Muhammed ve Eşlerinin Sayısı
 


Hz. Muhammed 25 yaşına kadar evlenmedi. Peygamberin ilk eşi daha önce iki evlilik yapmış Hatice idi. Hatice yaş olarak Hz. Muhammed'den büyüktü ve yaklaşık 25 yıl sadık bir eş olarak Hz. Muhammed ile aynı evi ve aynı hayatı paylaştı. Muhammed 50 yaşına kadar Hatice dışında başka bir kadınla evlenmedi. Hz. Muhammed'in eşleri arasında Hz. Muhammed'den önce başkasıyla evlilik yapmamış tek kadın Ayşe idi.

Şimdi böyle bir insanın evliliklerinde dünyevi şehvet peşinde koştuğunu söylemek ne kadar doğru olur?

Ayşe, Hz. Muhammed'in namazını, gece ibadetlerini, mescitte geçirdiği uzun süreli itikâfları ve bi'setten önceki gençlik dönmelerinde kadınlarla olan diyaloğunu şöyle anlatıyor:

"O, Nur dağındaki Hira mağarasında yalnız başına münacat ettiği günlerde dünyadan yüz çevirirdi."

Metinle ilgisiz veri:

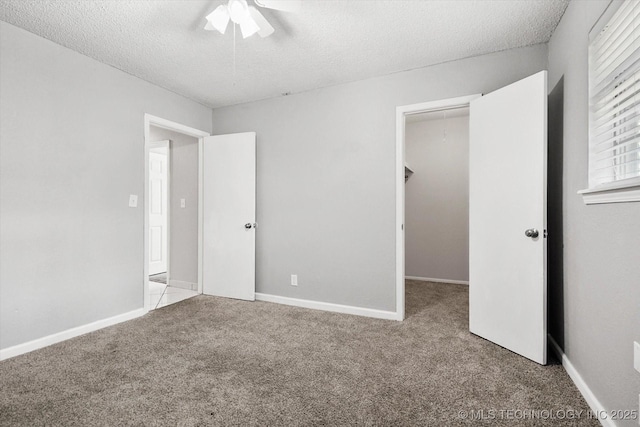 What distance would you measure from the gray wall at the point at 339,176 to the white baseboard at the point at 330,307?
55mm

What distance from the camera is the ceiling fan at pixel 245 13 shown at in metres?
1.79

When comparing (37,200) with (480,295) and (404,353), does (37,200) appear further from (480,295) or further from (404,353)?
(480,295)

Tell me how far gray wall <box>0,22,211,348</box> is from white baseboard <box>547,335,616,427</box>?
11.7 ft

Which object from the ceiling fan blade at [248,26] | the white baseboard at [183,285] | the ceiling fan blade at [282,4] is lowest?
the white baseboard at [183,285]

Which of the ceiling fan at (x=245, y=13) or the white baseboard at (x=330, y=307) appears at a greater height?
the ceiling fan at (x=245, y=13)

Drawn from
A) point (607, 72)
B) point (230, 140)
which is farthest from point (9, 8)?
point (607, 72)

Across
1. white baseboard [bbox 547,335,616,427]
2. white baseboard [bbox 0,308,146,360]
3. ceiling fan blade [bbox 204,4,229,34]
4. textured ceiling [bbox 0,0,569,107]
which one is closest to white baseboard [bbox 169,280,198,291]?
white baseboard [bbox 0,308,146,360]

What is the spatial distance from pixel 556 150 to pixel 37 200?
12.8 feet

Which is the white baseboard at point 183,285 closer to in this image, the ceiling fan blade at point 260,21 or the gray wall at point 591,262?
the ceiling fan blade at point 260,21

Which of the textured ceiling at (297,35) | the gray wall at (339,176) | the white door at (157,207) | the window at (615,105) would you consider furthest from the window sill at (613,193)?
the white door at (157,207)

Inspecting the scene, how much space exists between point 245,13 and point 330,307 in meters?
2.68

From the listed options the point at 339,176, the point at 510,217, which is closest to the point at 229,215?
the point at 339,176

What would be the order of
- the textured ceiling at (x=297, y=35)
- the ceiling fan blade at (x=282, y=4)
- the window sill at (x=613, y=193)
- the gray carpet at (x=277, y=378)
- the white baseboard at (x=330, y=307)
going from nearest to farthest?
1. the window sill at (x=613, y=193)
2. the gray carpet at (x=277, y=378)
3. the ceiling fan blade at (x=282, y=4)
4. the textured ceiling at (x=297, y=35)
5. the white baseboard at (x=330, y=307)

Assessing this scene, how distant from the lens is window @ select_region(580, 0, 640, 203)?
4.13 feet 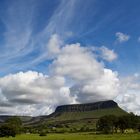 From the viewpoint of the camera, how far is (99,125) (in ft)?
628

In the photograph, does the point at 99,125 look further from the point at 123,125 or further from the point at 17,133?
the point at 17,133

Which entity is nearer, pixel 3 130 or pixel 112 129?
pixel 3 130

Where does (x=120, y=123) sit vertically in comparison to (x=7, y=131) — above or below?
above

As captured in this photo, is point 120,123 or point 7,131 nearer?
point 7,131

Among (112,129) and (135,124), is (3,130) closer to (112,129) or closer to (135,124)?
(112,129)

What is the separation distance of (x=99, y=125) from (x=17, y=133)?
52.1 m

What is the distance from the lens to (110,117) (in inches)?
7598

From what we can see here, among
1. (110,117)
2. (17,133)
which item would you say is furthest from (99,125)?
(17,133)

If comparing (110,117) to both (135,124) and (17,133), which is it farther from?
(17,133)

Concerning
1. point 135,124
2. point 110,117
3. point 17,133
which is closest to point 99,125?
point 110,117

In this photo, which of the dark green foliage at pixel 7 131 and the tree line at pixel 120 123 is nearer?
the dark green foliage at pixel 7 131

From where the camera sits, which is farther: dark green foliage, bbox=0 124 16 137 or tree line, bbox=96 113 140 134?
tree line, bbox=96 113 140 134

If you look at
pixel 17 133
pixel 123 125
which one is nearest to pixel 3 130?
pixel 17 133

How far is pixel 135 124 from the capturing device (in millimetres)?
184500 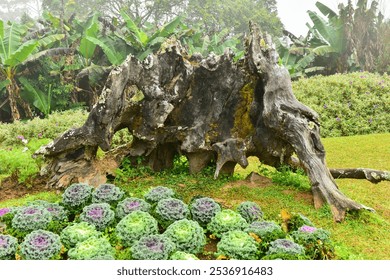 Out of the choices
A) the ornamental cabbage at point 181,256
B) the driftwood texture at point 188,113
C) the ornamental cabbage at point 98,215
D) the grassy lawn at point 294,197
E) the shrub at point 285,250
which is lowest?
the grassy lawn at point 294,197

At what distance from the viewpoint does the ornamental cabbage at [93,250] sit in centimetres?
477

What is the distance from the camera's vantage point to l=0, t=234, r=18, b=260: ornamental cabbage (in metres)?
4.87

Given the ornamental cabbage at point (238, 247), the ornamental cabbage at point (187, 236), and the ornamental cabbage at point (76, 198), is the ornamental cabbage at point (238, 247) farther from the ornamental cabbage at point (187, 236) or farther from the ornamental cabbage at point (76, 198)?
the ornamental cabbage at point (76, 198)

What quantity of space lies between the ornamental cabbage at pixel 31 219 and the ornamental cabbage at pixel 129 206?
2.94 feet

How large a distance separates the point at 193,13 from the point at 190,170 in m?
32.8

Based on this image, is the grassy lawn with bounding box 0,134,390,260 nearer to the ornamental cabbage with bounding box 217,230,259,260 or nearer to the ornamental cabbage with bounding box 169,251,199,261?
the ornamental cabbage with bounding box 217,230,259,260

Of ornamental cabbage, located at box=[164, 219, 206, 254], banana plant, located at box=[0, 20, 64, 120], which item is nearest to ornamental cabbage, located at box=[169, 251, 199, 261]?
ornamental cabbage, located at box=[164, 219, 206, 254]

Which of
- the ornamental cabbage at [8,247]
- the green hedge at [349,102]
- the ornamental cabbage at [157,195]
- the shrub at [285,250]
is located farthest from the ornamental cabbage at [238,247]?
the green hedge at [349,102]

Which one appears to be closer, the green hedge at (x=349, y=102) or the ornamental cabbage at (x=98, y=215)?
the ornamental cabbage at (x=98, y=215)

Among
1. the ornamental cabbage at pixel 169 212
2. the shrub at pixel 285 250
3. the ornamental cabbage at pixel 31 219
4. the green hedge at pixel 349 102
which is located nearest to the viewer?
the shrub at pixel 285 250

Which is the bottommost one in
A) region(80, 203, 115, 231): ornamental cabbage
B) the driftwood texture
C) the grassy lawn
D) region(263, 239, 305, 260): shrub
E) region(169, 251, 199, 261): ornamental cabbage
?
the grassy lawn

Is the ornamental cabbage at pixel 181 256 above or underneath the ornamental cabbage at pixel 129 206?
underneath

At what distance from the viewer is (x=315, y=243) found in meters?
5.15

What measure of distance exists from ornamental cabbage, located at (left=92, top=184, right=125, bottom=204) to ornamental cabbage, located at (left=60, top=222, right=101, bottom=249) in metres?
0.83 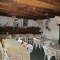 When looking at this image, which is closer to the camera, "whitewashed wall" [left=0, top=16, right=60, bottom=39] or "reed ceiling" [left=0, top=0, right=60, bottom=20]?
"reed ceiling" [left=0, top=0, right=60, bottom=20]

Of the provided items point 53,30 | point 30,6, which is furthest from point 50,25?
point 30,6

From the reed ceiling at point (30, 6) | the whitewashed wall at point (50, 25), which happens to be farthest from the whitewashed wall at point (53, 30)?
the reed ceiling at point (30, 6)

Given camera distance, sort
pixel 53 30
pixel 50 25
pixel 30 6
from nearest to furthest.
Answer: pixel 30 6 < pixel 53 30 < pixel 50 25

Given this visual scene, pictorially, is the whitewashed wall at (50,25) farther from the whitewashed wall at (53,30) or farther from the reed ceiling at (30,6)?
the reed ceiling at (30,6)

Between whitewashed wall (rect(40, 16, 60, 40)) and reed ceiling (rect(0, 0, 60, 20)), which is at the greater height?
reed ceiling (rect(0, 0, 60, 20))

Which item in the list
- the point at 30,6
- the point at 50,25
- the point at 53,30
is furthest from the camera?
the point at 50,25

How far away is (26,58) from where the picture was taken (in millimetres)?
2957

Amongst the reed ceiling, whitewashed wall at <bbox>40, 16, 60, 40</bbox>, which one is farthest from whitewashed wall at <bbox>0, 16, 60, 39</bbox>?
the reed ceiling

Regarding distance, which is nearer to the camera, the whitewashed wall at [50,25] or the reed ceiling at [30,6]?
the reed ceiling at [30,6]

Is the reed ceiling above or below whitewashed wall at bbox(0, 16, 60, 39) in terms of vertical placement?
above

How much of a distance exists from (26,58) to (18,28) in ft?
15.2

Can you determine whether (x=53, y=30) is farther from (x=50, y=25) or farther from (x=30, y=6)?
(x=30, y=6)

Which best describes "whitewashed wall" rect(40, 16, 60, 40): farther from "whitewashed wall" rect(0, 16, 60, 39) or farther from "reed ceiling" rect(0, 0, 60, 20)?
"reed ceiling" rect(0, 0, 60, 20)

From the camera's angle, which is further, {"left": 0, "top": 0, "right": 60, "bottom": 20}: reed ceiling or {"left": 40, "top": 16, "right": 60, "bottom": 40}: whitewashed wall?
{"left": 40, "top": 16, "right": 60, "bottom": 40}: whitewashed wall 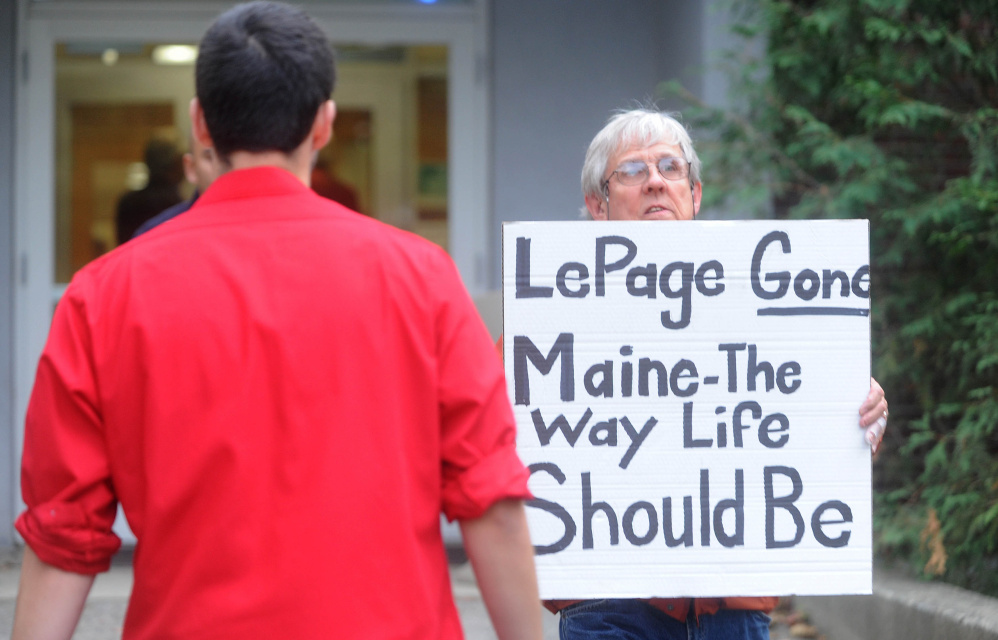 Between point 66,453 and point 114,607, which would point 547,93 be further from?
point 66,453

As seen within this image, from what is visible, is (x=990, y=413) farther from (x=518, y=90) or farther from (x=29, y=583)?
(x=29, y=583)

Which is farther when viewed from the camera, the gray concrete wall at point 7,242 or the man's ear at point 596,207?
the gray concrete wall at point 7,242

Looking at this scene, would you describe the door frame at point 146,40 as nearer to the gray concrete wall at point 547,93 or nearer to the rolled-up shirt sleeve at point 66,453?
the gray concrete wall at point 547,93

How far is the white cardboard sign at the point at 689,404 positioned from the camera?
219cm

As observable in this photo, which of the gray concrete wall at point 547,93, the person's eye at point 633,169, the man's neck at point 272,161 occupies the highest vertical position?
the gray concrete wall at point 547,93

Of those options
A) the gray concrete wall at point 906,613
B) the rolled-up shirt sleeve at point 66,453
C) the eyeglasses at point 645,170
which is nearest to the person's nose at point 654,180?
the eyeglasses at point 645,170

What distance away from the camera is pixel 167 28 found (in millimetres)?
6047

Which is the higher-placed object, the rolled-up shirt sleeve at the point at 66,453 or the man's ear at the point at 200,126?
the man's ear at the point at 200,126

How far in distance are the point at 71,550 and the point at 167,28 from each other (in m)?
5.17

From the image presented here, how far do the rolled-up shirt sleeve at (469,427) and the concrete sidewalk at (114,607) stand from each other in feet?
10.4

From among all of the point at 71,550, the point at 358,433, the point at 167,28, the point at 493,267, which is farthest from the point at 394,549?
the point at 167,28

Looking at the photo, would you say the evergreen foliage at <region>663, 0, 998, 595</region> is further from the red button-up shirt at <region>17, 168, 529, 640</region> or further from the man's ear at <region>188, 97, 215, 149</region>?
the man's ear at <region>188, 97, 215, 149</region>

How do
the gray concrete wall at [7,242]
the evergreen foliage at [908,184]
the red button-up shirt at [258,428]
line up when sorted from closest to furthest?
1. the red button-up shirt at [258,428]
2. the evergreen foliage at [908,184]
3. the gray concrete wall at [7,242]

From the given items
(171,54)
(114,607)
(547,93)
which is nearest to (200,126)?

Böyle bir insanın kalbinin dünyaya rağbet ettiğini söyleyebilir miyiz?

O'nun eş sayısının çok olmasının nedeni yalnız kalmış kadınları koruma altına almaktı. Nitekim O, esir olarak alınan Haris kızı Curiye ve Hay b. Ahtab kızı Safiye'yi azat etmişti. Zeynep Binti Cahş ile de topluma hâkim olan, "evlatlıkların eşleri ile evlenilmez" düşüncesini ortadan kaldırmak ve Kur'an emrini icra etmek için evlendi.

Son söz:



Muhammed Hakkında Birkaç Cümle
 


O'nun ismi Muhammed b. Abdullah b. Abdulmuttalip'tir. 12 Rebiul Evvel, Miladi 571 yılında (meşhur rivayete göre) Mekke'de dünyaya geldi. Babasını dünyaya gelmeden önce kaybetmişti ve 5 yaşındayken de annesini yitirdi. Annesinin vefatından sonra dedesi ve sonrasında amcası ile yaşamaya başladı. Gençlik döneminde çobanlık yaptı. İlerleyen zamanlarda ticaretle uğraştı. Mekkeliler arasında doğru sözlü ve emin olarak ün salmıştı.

Yüce Allah 40 yaşındayken kulunu peygamberliğe seçti. 13 yıl boyunca Mekke'de insanları tek olan Allah'a davet etti. Mekkelilerden çok işkence ve eziyet gördü. Sonra Mekke'den Medine'ye hicret etti. Medine'de İslam hükümetini kurdu. İlahi davet vazifesine 10 yıl Medine'de devam etti. Tüm Arabistan yarımadası kendisine iman etti. Daveti Yemen, Umman ve Bahreyn'e kadar yayıldı. Hicretin 10. yılında ruhunu âlemlerin rabbi olan Yüce Allah'a teslim etti.

Bu satırlar Muhammedi okyanusu anlatmak için yazılmış birkaç damladan ibaretti.

Siz de sade bir dille bir Muhammed'i kaleme alabilir misiniz?

Siz de eşrefi mahlûkat olan Muhammed'i birkaç değersiz kelime ile tanıtabilir misiniz?

Temennim, tanımaya başlangıç olan bu satırlarla habibimiz Muhammed'i sahip olduğu makam ve yücelikte tanıtma gayretimizin devamının gelmesidir.